Disallowance of broken period interest on PSU bonds - Held that:- The assessee switched over from one recognized method of valuation of bonds and securities to another recognized method in the previous year relevant to the assessment year under consideration in respect of PSU bonds. Broken period interest which was hither to capitalized came to be considered as deduction in the year of purchase. This changed method has been undisputedly followed by the assessee consistently in subsequent years. Considering the earlier order passed by the Tribunal in assessee's own case for AY 1991-92, the Tribunal decided it in favour of the assessee by holding that interest paid on broken period was liable to be allowed as deduction against the interest received in respect of the broken period - in favour of assessee.
Interest on NOSTRO account - CIT(A) deleted charging of interest & enhancement to the tune of Rs. 27,31,95,602 u/s 14A - Held that:- Following the precedent for assessment year 1997-98 the interest of Rs. 3.98 crore on NOSTRO account is chargeable to tax and resultantly the disallowance u/s 14A made to the tune of Rs. 27.31 crore is deleted - grounds raised by the assessee as well as Revenue in this regard are allowed.

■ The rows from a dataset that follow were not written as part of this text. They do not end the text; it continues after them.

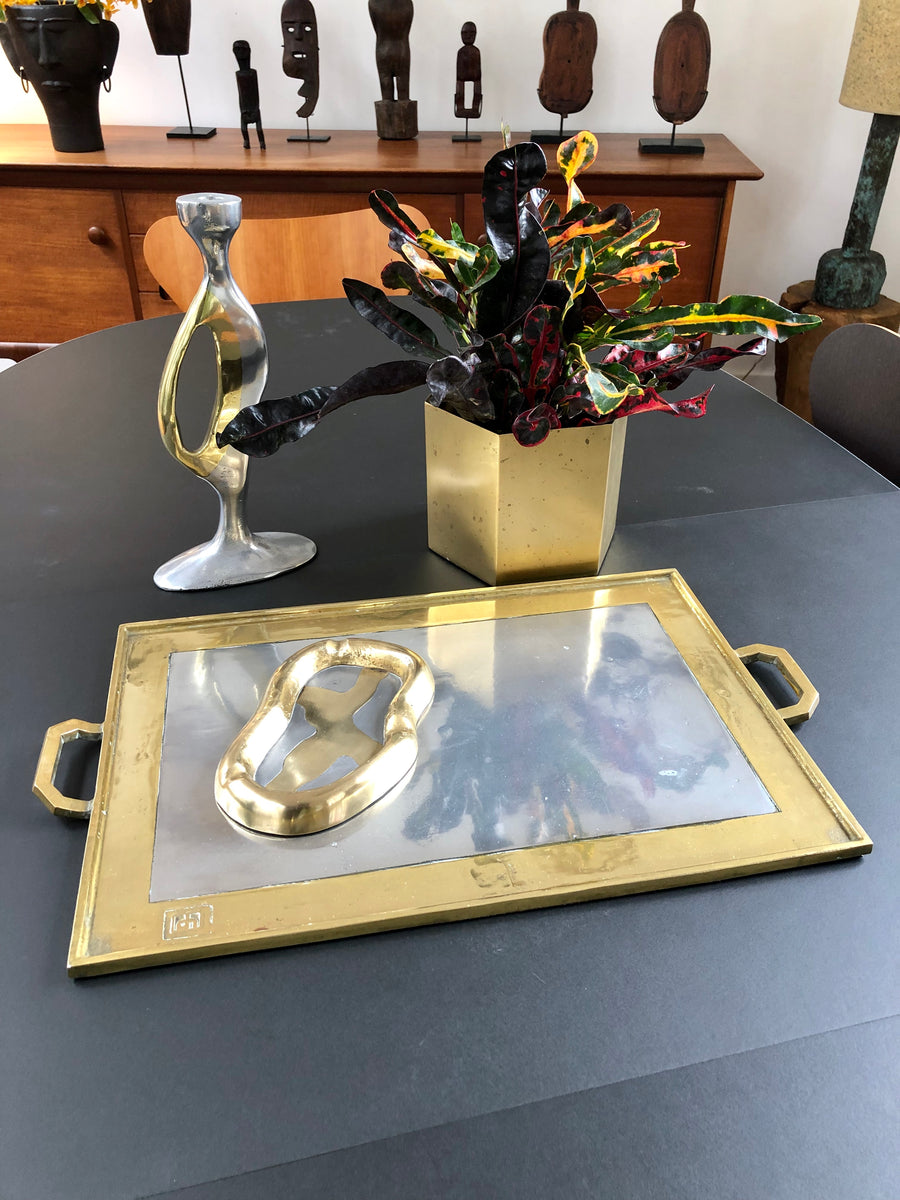 Aluminium and Brass Brutalist Style Candleholder by Leopold, s.c. (circa 1970s)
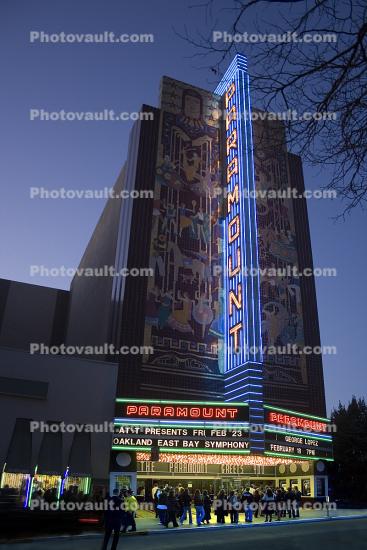 Paramount Theater, Downtown Oakland, Twilight, Dusk, Dawn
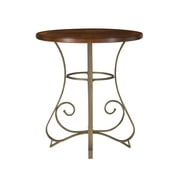 Powell Hamilton Round Pub Table, Matte Pewter and Bronze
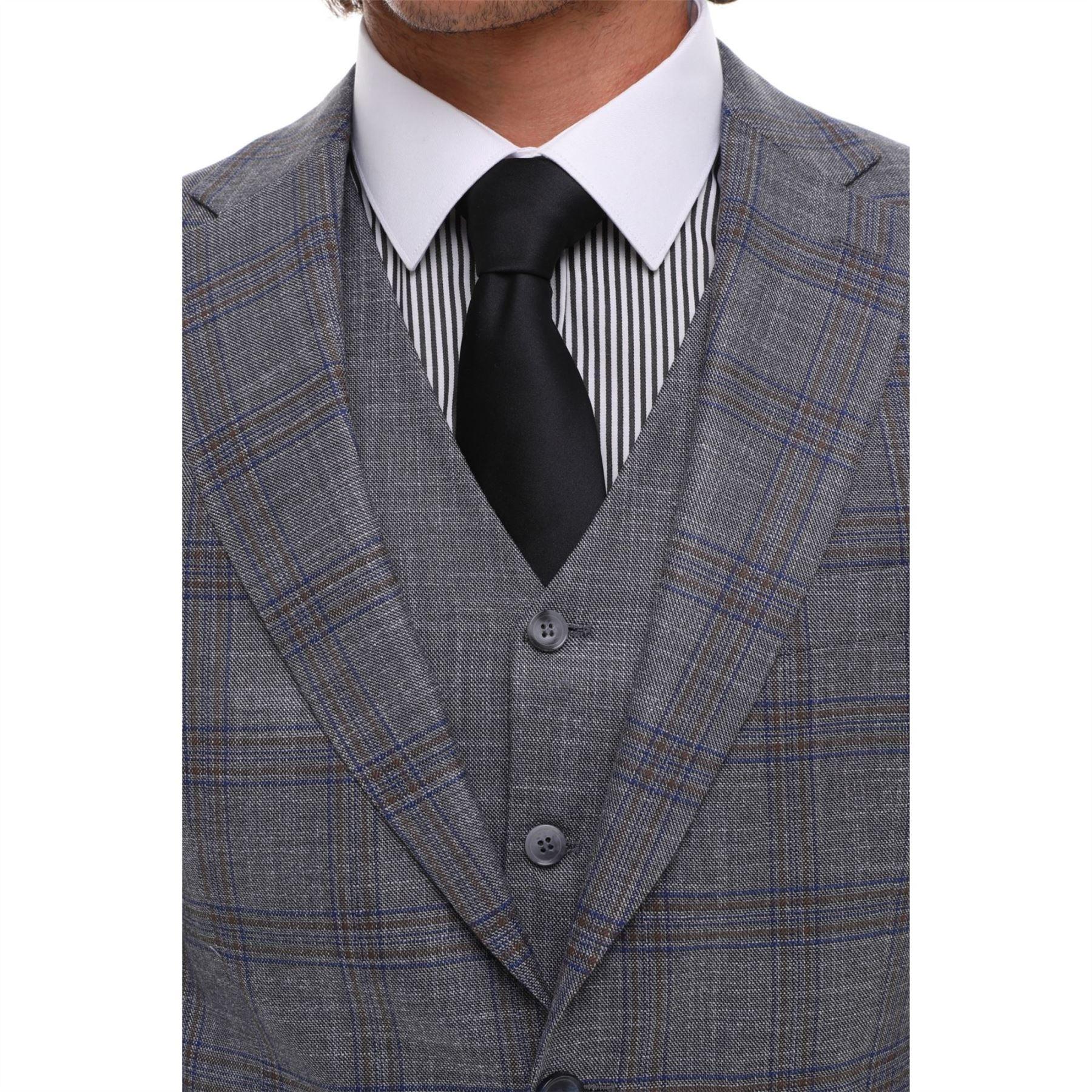 Mens 3 Piece Suit Grey Blue Check Contrasting Waistcoat Trouser Wedding Prom - Knighthood Store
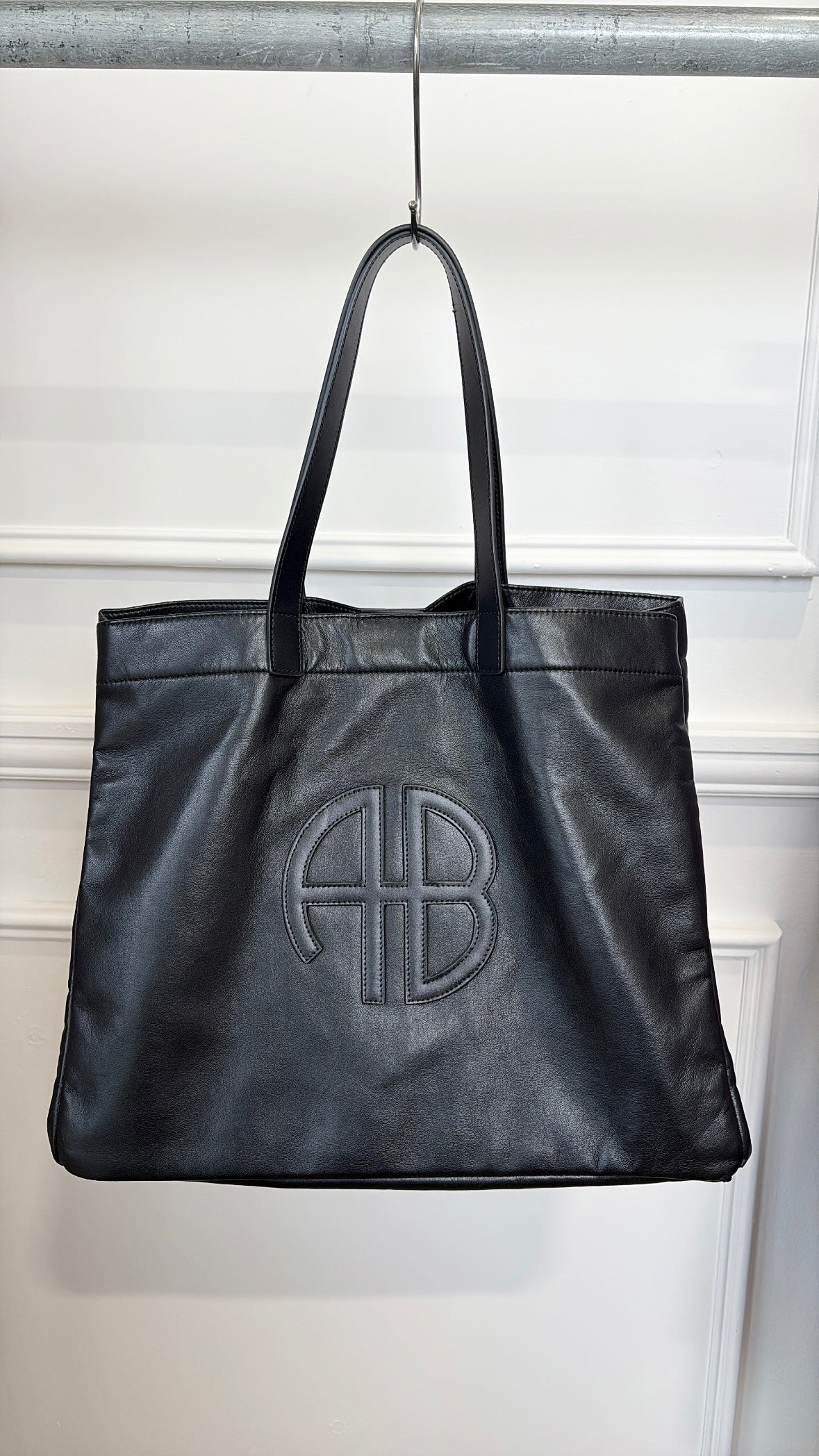 Anine Bing Black Leather Logo Tote
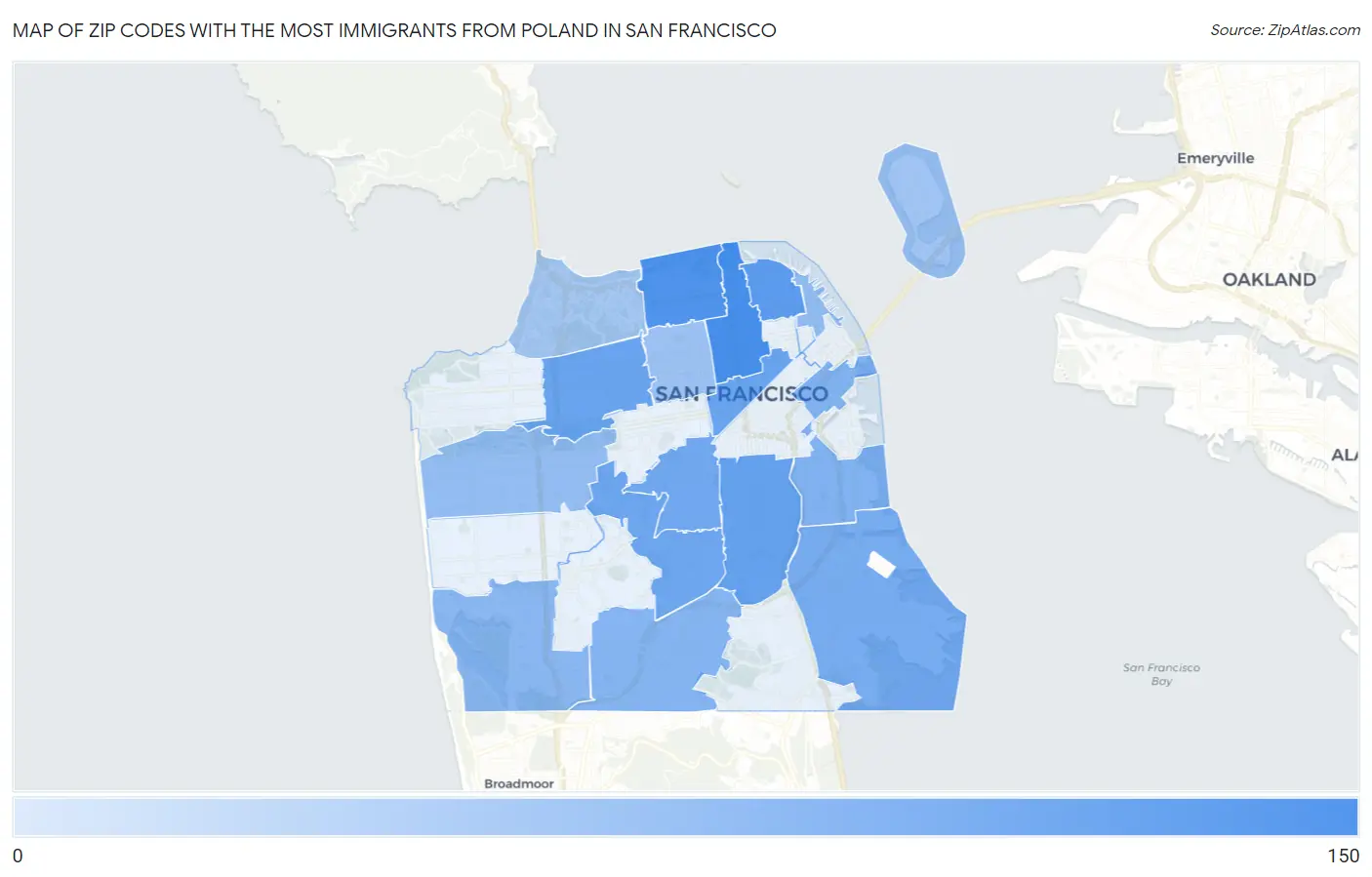 Zip Codes with the Most Immigrants from Poland in San Francisco Map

Taxability of income at the rate of 48% as applicable to non-resident company - Held that:- The assessee fairly admitted that this issue has been decided against the assessee in earlier years - The impugned order on this issue for the current year as well and dismiss this ground.
Interest received from branches on placement of overseas deposits - should it be charged to tax - Held that:- The interest received from branches should not be charged to tax as it is a transaction with self, the view has consistently been taken in earlier years but since the exact amount of interest received by the assessee from its HO/overseas branches is not emanating from record, AO is directed to find out such amount of interest received from HO/overseas branches and exclude it from the computation of total income - in favour of assessee for statistical purposes.
Disallowance of loss on revaluation of unmatured forward foreign exchange (Forex) Contracts - Held that:- As decided in DCIT Versus Bank of Bahrain & Kuwait [2010 (8) TMI 578 - ITAT, MUMBAI] the loss incurred by the assessee on account of evaluation of the contract on the last day of the accounting year i.e. before the date of maturity of the forward contract, is allowable as deduction - AO directed to allow loss of Rs. 7.14 crore in this year and compute loss/profit on Forox contract maturing in the previous year relevant to the assessment year 1999-2000 by considering the impact of allowing of loss of Rs. 7.14 crore - in favour of assessee.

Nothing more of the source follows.